Nowadays, when you try to sell products, the kind of stand you display the product on, the scenery at your shop, and the lighting in your store matter much less than they used to. What matters way more nowadays is the way you display your products online, the way you visualize them on ads, online stores, and social media pages. Sadly, product visualization is not a commonly learned skill, and a lot of business owners still struggle with the basics. That’s why in this article, we’ll go through a multitude of ways we can improve the product visualization in your digital efforts.
#1 Calculate the ROI of Product Visualization
Product visualization isn’t cheap, especially if you get a professional agency like mimeeq.co.uk to do it for you. The result is truly amazing: breathtaking design with good lighting, coloring that makes customers want to purchase your products. But is it worth it? You have to consider the cost and compare and contrast it with the amount of return on investment you generate from using CGI and advanced product visualization techniques.
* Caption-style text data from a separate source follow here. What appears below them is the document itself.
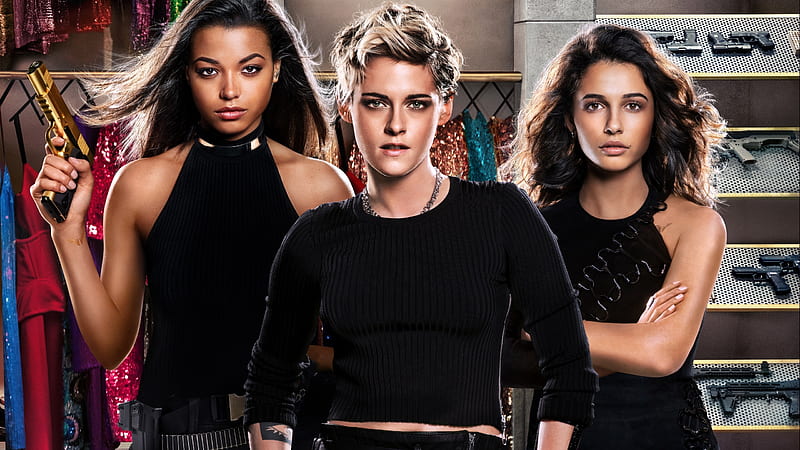 Charlie's Angels (2019), charlies angels, movie, actress, girl, trio, black, poster, Kristen Stewart, Naomi Scott, ella balinska, HD wallpaper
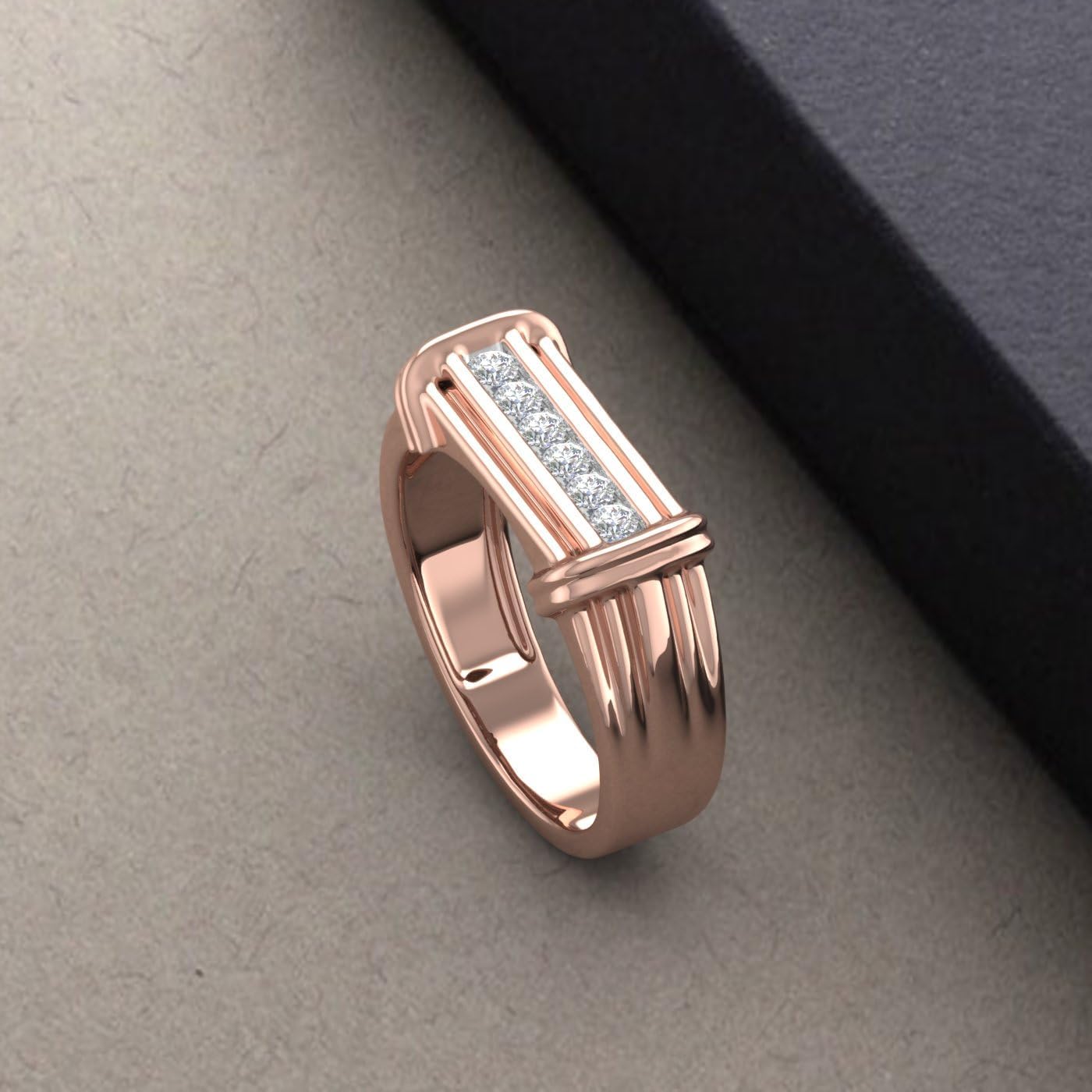 1/4 Carat (ctw) Nick Set 6-Stone Mens Diamond Wedding Band Ring in 14K Gold (I1-I2 Clarity)
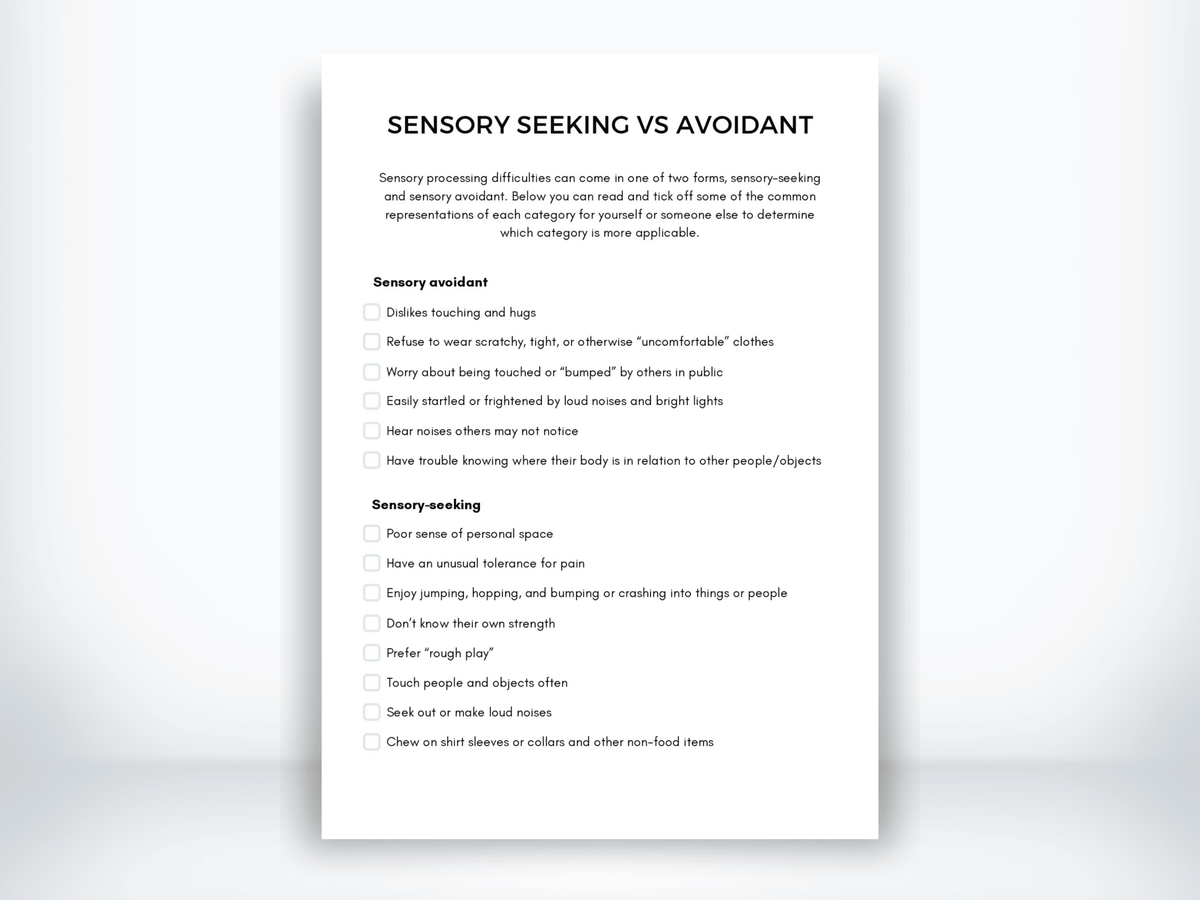 Sensory Seeking vs Avoidant Handout PDF - My Thriving Mind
It is good to start implementing the changes step by step in small doses — this prevents you from overinvesting, where you’ll sink in thousands of dollars into product visualization without seeing any tangible benefits. It is best to approach product visualization in bite-size steps where you transform parts of your promotional materials, online ads, website, and see how much of a positive effect it has and then proceed with more product visualization. This approach helps you improve the way you approach product visualization by investing in what works and divesting in what doesn’t.
#2 Learn the Different Types of Product Visualization: Their Strengths and Weaknesses
There are multiple ways to visualize a product, and you should learn about each type and their strengths and weaknesses so you’re better prepared to make the right choice:
- Pure CGI: here you have the most freedom. You recreate your products in computer modeling software from scratch. This allows you great freedom as you can be as creative as you want. It isn’t without downsides, however: since you completely rely on computer modeling from scratch, you spend considerable time and money designing the models. It is generally much more expensive than the alternative.
- Traditional photography with a light tech touch: product visualization doesn’t have to be digital. If you have a passion for photography, you can create visuals for your products yourself. Remember to have a professional scene set up with accurate lighting if you want your pictures to look good. You can then feed these pictures into a computer and lightly touch them up to make them look better. You have almost no creative freedom with this mode however, you’re limited by how your products look mostly.
- Hybrid: a hybrid approach will use photo and video feed to construct a preliminary prototype of the product in 3D which you can import into other 3d modeling software to edit and improve. This gives you more freedom than the traditional route, and it costs less than a pure CGI reconstruction because half of the job is done by cameras, which is faster and cheaper.